Right at the beginning of the talk she mentions that there is a wisdom path that can lead to purifications of the 5 negative mental factors by virtue of the 5 virtuous factors in insight meditaion. The breath meditation beginners do is opening into very advanced practice of insight that as Ayya says purifies the negative mental factors and leads to enlightenment.
For this reason you don't have to do metta, you can just do your breath. However you can also not do the breath and just do metta as Ayya says there is a compassion path that also purifies the negative mental factors. And metta practice would be opening out into that space.
I say opening out because we never get a moment to grasp to and say that is it. As soon as we say that the dead hand of mara comes and deadens that moment because we cannot grasp to any impermanent fleeting experience and rely on that. We always have to open.
The 12 Step program is a practise.
Steps 1 to 9 are about certain mental positions relating to our addiction/alcoholism and clearing away the wreckage of our past (which as addicts/alkies we tend to have a lot of), so that we can live more comfortably in the present, without dragging all that baggage from our previous destructive lifestyles around with us.
Then:
Step 10. Continued to take personal inventory and when we were wrong promptly admitted it.
This is basically being mindful.
Step 11. Sought through prayer and meditation to improve our conscious contact with God as we understood Him, praying only for knowledge of His will for us and the power to carry that out.
Prayer and meditation; subtract the 'Magic Man'; insert Buddha Nature (or delete all together). This can also be the 'wisdom' side of Boddichita.
Step 12. Having had a spiritual awakening as the result of these steps, we tried to carry this message to alcoholics, and to practice these principles in all our affairs.
Practising these principles = an honest and ethical lifestyle. Carrying the message to alcoholics = compassion for other alkies/addicts by helping them recover.
So you have mindfulness, meditation, and the development of wisdom, compassion and an ethical life.
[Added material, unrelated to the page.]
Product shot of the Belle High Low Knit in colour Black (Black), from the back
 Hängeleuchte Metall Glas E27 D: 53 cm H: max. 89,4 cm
That sounds pretty 'Buddhist' already, don't you think?
Regards from a fellow 12 Stepper (AA).
And much like taking refuge in the 3 Jewels, where the deeper meaning is that we take refuge in ourselves, I think the deeper meaning of 'God', particularly in Step 11, is the 'God within', aka 'Buddha Nature', aka 'That little voice at the back of our mind', aka 'Clarity'.
The 12 Steps is a roomy program and can encompass any world view.
Spiritum contra spiritus
If you are not much into "God" or a if it is difficult for you to make a tantric use of it, a good talk with a real monk would be maybe a alternative way.
There is nothing wrong with this way, important is that you don't lose the trust till the end if you did it with right effort or do not continue if you did it just halfhearted as you would wast the time of the trainer as well as of yours.
*smile*
"Anapana sati, the meditation on in-and-out breathing, is the first subject of meditation expounded by the Buddha in the Maha-satipatthana Sutta, the Great Discourse on the Foundations of Mindfulness. The Buddha laid special stress on this meditation, for it is the gateway to enlightenment and Nibbana adopted by all the Buddhas of the past as the very basis for their attainment of Buddhahood. When the Blessed One sat at the foot of the Bodhi Tree and resolved not to rise until he had reached enlightenment, he took up anapana sati as his subject of meditation. On the basis of this, he attained the four jhanas, recollected his previous lives, fathomed the nature of samsara, aroused the succession of great insight knowledges, and at dawn, while 100,000 world systems trembled, he attained the limitless wisdom of a Fully Enlightened Buddha."
http://www.accesstoinsight.org/lib/authors/ariyadhamma/bl115.html
And a 12 Step program is tough; and it works. More people have recovered from drinking and drugging using a 12 Step program than any other method. We have thousands of meetings all round the World.
And in A.A., it's important we share only our EXPERIENCE. Yours are only opinions. I guess that's why A.A. works; we don't have non alcoholics telling us how to stop drinking, we have sober alcoholics who share their experience of how to stop drinking. The latter is far more powerful.
Here's the basic text for A.A., it's affectionately known as the Big Book:
http://www.aa.org/bigbookonline/en_tableofcnt.cfm
The style it's written in is a little archaic, and it is a bit of a dry read (shock horror for some people), but should you read it and identify as 'one of us', maybe you'd care to visit an A.A. meeting or two?
We are a brilliant sangar; if I say so myself.
Even if many mix Hinduism with Buddha Dhamma, or use Tantric ideas, it has nothing to do with Dharma.
But as told, important is that it help. What ever one believes to help, till to the level he is able to walk.
To go beyond one needs to stop believe and starts to use his mystical power chetana (will) in the right way. :wave:
Regards from a fellow 12 Stepper - "A friend of Jimmy K" (NA)
Resentment inventory
Harms to others inventory
Sexual harms inventory
Fears inventory
You should easily be to reproduce a list of people you have harmed. We're not really talking about stuff you've done years-and-years ago when you were three years old in nursery; just current stuff you've lost sleep over.
My problem was Step 9 and making amends; I had some really tough ones to do. Scary stuff.
Generally, I think the practice moves itself. No need to push the river.
It is probably one the reasons people drink and really all other addictions- the need to escape boredom.,in many ways that is the root of all samsara.
Perhaps you could tighten up your sitting meditation until you allow boredom to be just another passing experience ,nothing to escape.You may find mastering boredom a huge mark of progress in every way, spiritually, emotionally, mentally and physically
Continue _/\_
this is the hardest and highest practice.
My own experience has been that most of the 'extras' pass away. To refer, once again, to the Ox-Herding Pictures: complications are the reins and the whip. They disappear, as does the ox itself.
The rest, as Hamlet says, is silence.